▶ ACTION ITEM
Exact copy, pictures excluded: write out every line below.

▶ INFORMATION SHOWN
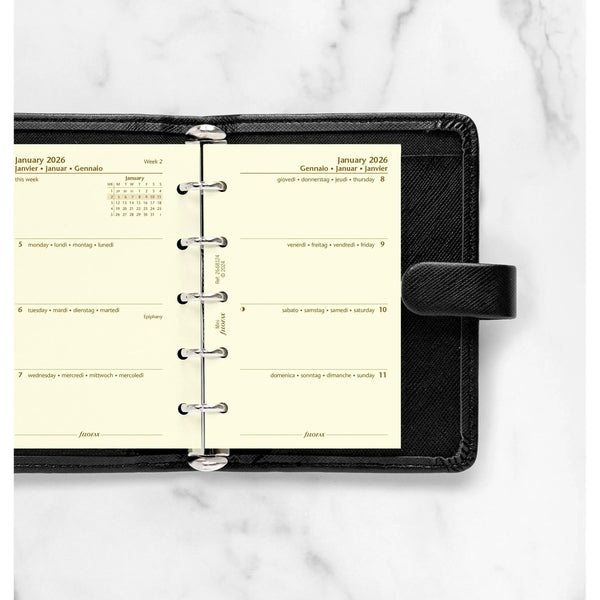 FFX Mini Agenda S/2P Crème 4 Langues FILOFAX-Recharge Agenda-Filofax-Papeterie du Dôme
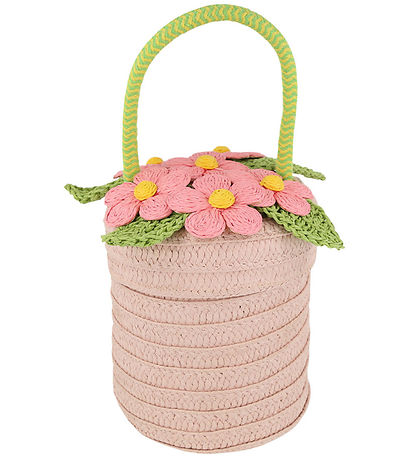 Meri Meri Stråtaske - Blomster - Kurv - 13x18 cm - Rosa Meri Meri Stråtaske - Blomster - Kurv - 13x18 cm - Rosa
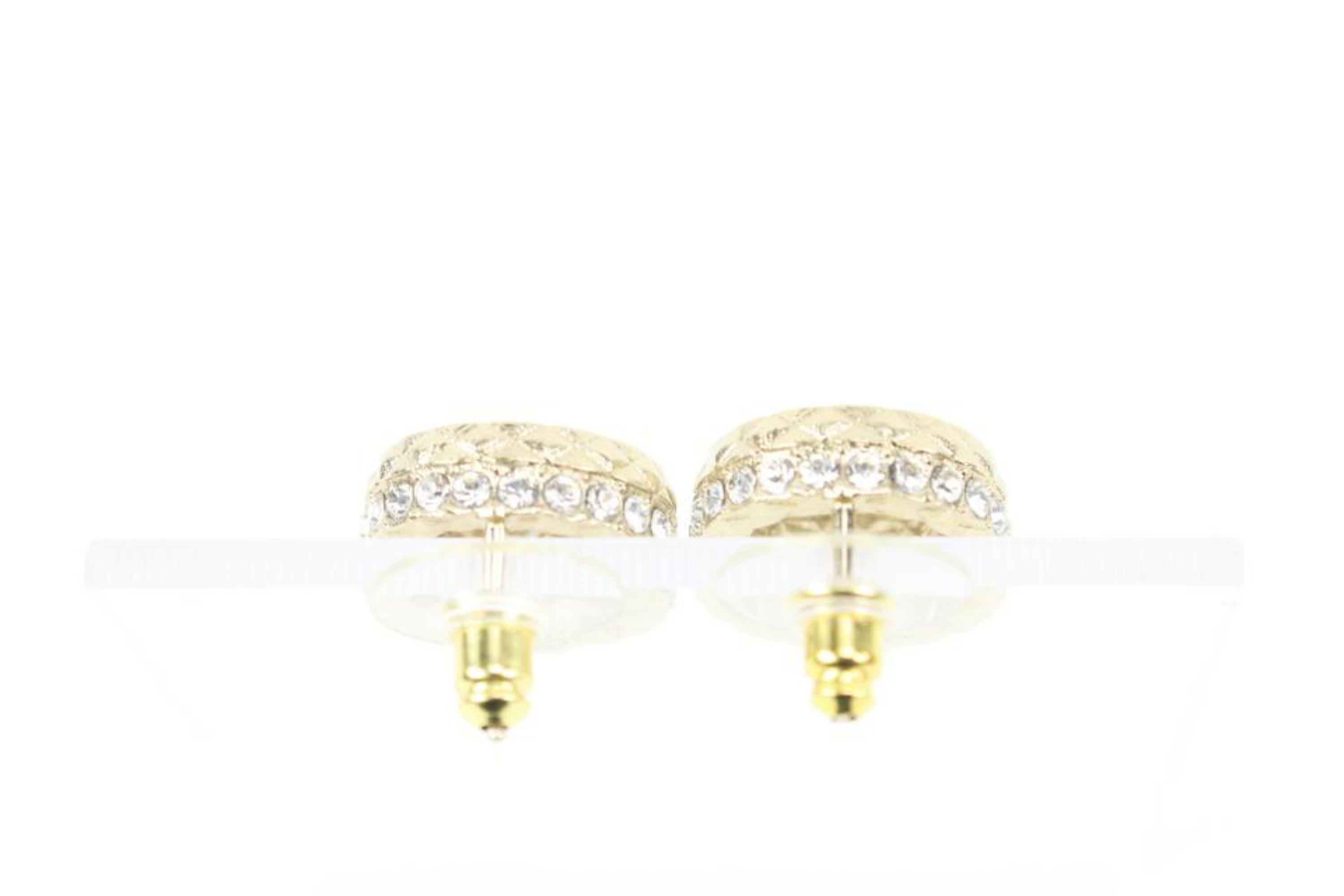 Women's Chanel 22S Gold x Crystal Round CC Earrings Pierce 13ck311s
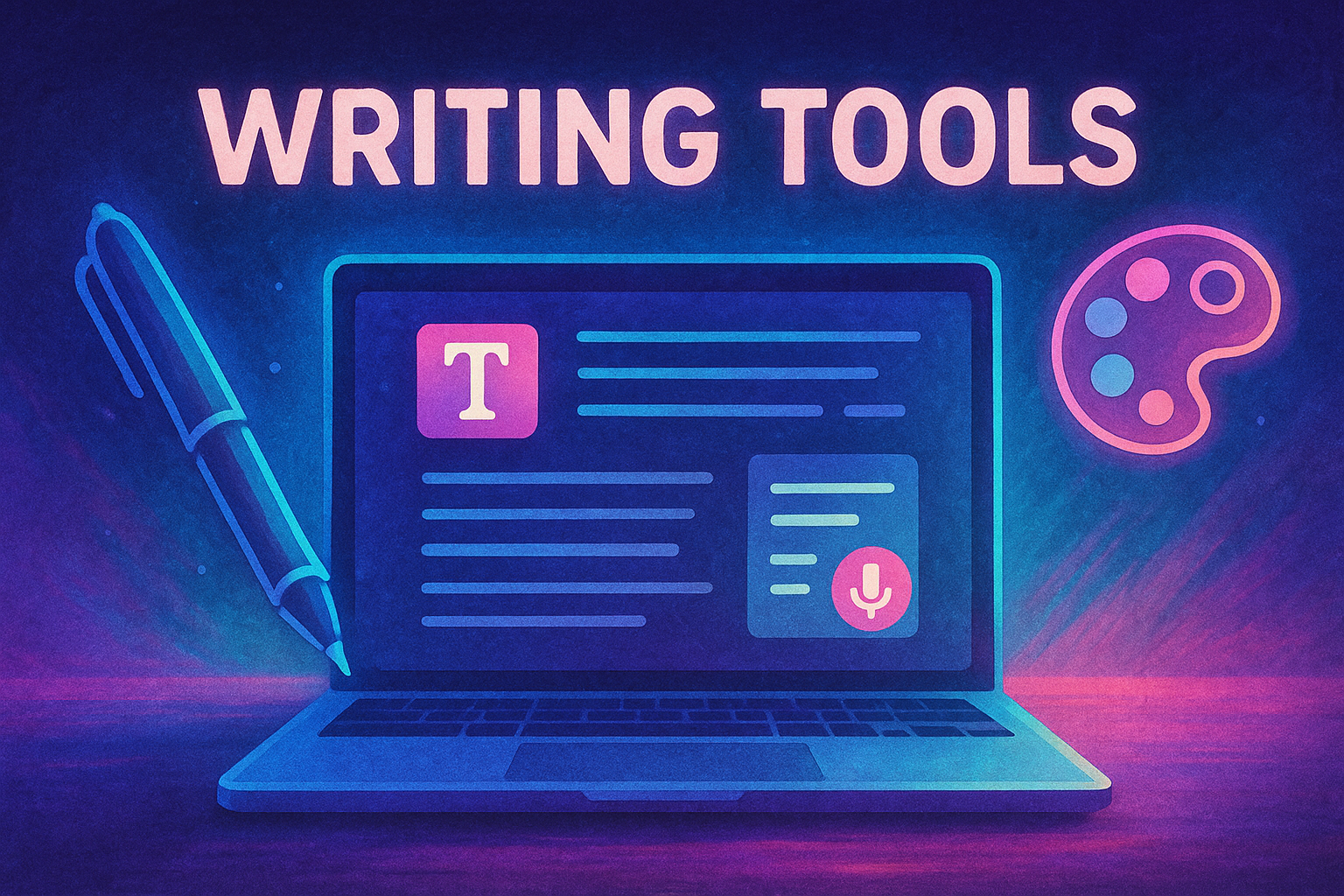 Best Free AI Tools 2 A digital illustration of AI writing tools on a laptop screen with neon lighting and a glowing pen, representing text generation and content creation in a futuristic style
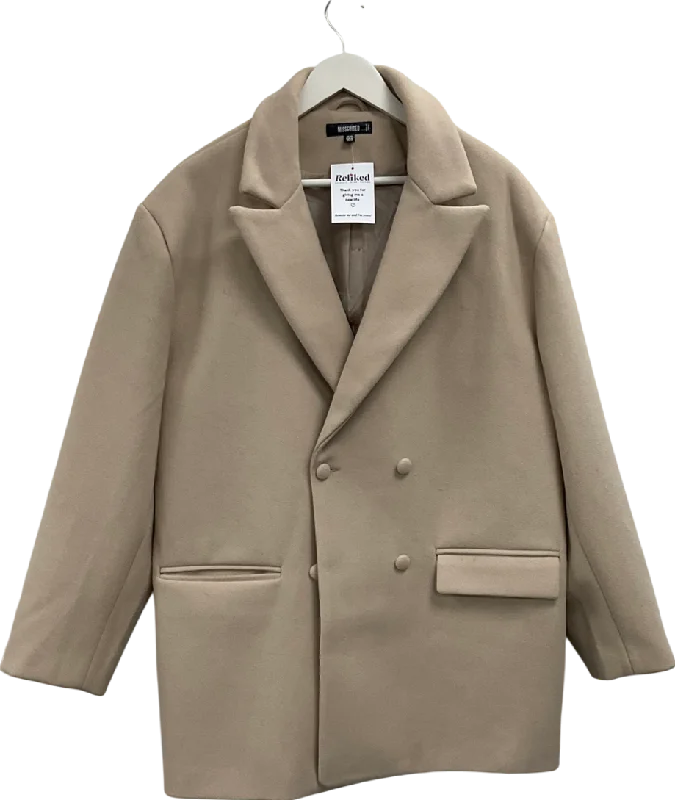 Members Only Missguided Beige Wool Look Double Breasted Coat UK 18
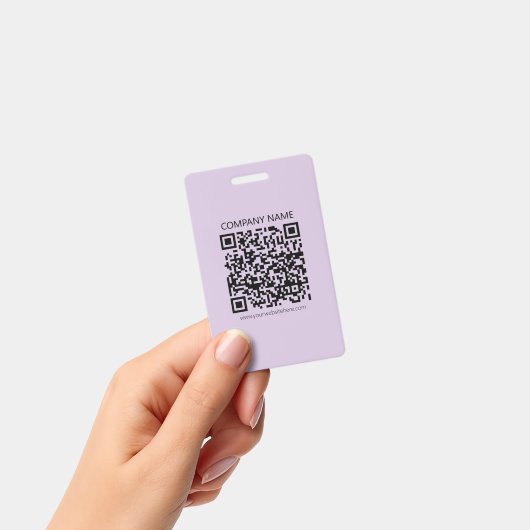 Create a QR Code | Pale Lavender Violet Badge (Handheld)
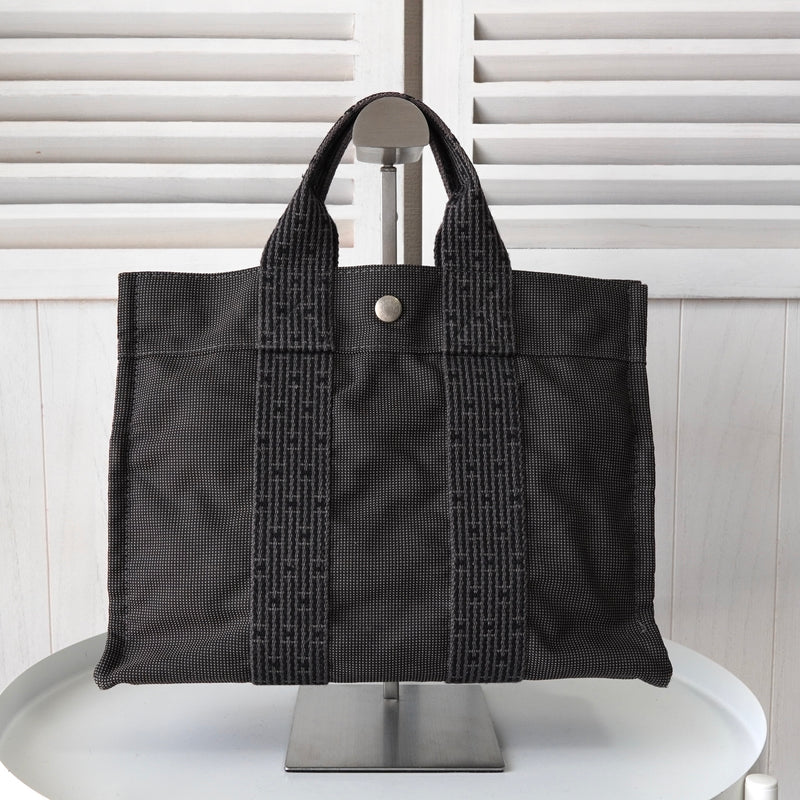 Hermes Foult PM Canvas Handbag Black/Grey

▶ SOLUTION TO THIS EXERCISE
 FFX Mini Agenda S/2P Crème 4 Langues FILOFAX-Recharge Agenda-Filofax-Papeterie du Dôme
 Meri Meri Stråtaske - Blomster - Kurv - 13x18 cm - Rosa Meri Meri Stråtaske - Blomster - Kurv - 13x18 cm - Rosa
 Women's Chanel 22S Gold x Crystal Round CC Earrings Pierce 13ck311s
 Best Free AI Tools 2 A digital illustration of AI writing tools on a laptop screen with neon lighting and a glowing pen, representing text generation and content creation in a futuristic style
 Members Only Missguided Beige Wool Look Double Breasted Coat UK 18
 Create a QR Code | Pale Lavender Violet Badge (Handheld)
 Hermes Foult PM Canvas Handbag Black/Grey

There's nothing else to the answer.